Wish you had more free time? Outsource your chores.

Working Mother Magazine – September Issue, 2006

Working mothers are constantly wishing that they could be in (at least) two places at once-especially when Spot has to go to the vet on the morning of the school play. Since cloning capabilities are still a ways off, Stacey Hall, 47, a real estate agent and mom of two, discovered another solution: outsourcing.

After her second child was born, she started farming out all of the mandatory household duties like laundry and time-consuming errands like vet appointments. “If I try to do it all, I’m a basket case,” says Stacey, who lives in Los Gatos, CA. “Delegating these tasks allows me to spend quality time with my children, to help with homework instead of frantically trying to handle the housework.”
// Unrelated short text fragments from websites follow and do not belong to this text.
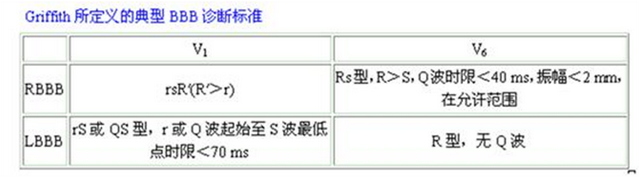 室性心动过速的体表心电图鉴别诊断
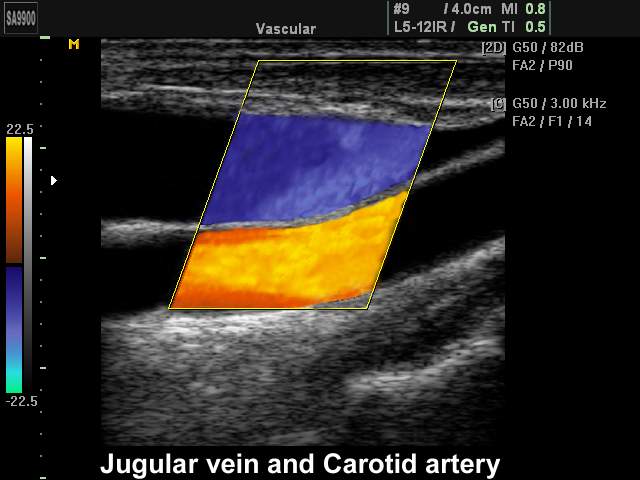 Яремная вена и сонная артерия, цветное картирование (эхограмма №218)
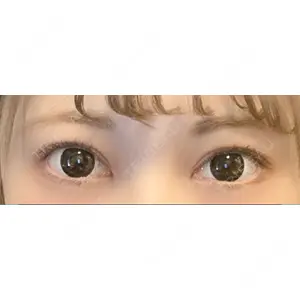 口コミ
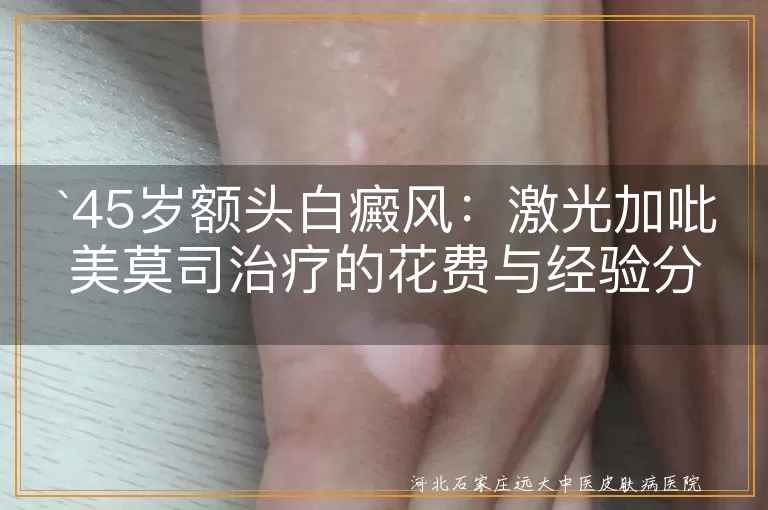 `白癜风,激光治疗,吡美莫司软膏,治疗费用,经验分享`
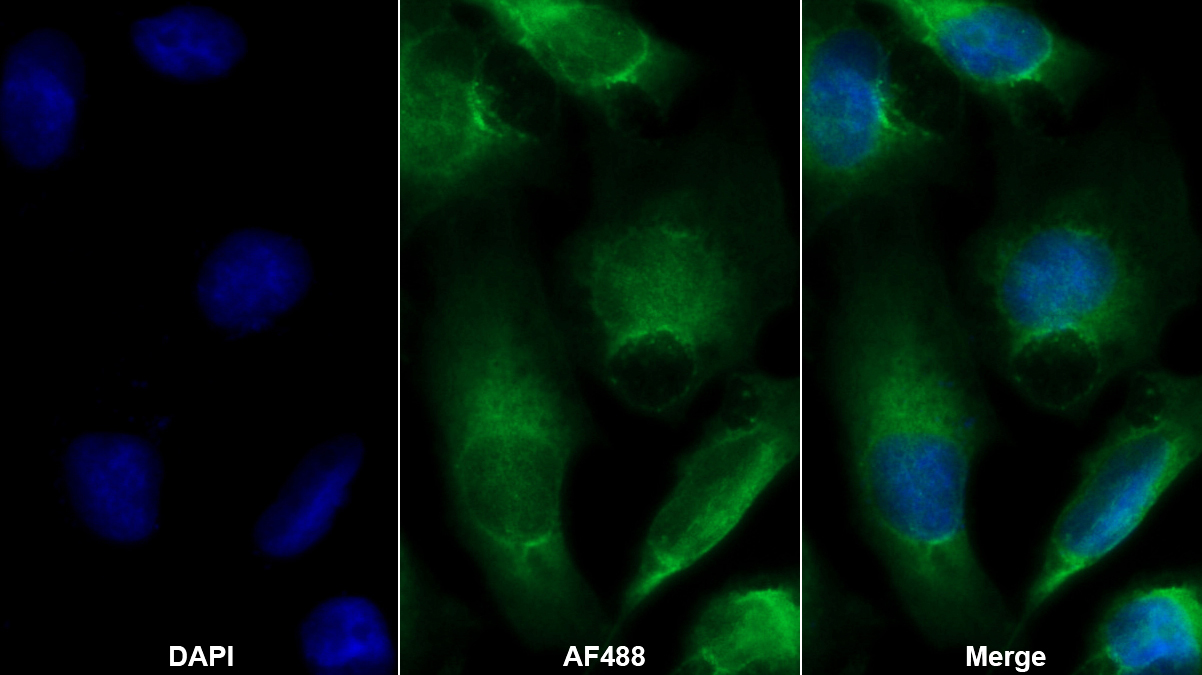 Monoclonal Antibody to Cross Linked C-Telopeptide Of Type I Collagen (CTXI)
These days, Stacey is an expert at outsourcing everything from dusting to gift shopping. She says she spends an average of $600 a month to have other people do her chores. But buying some extra time can cost you as little as $16.

That’s what Stacey pays per hour to Julie Robinson, owner of Errand Solutions. Last summer, after working in the accounts payable department of a major corporation for five years, Robinson, a 39-year-old mother of three who lives in San Jose, CA, decided to start her errands business because she often found herself overwhelmed by her to-do list. “Most of the corporate world is not friendly to people with children,” says Robinson. So she bet that outsourcing wasn’t just a corporate solution anymore-it was what working moms needed in their overscheduled lives.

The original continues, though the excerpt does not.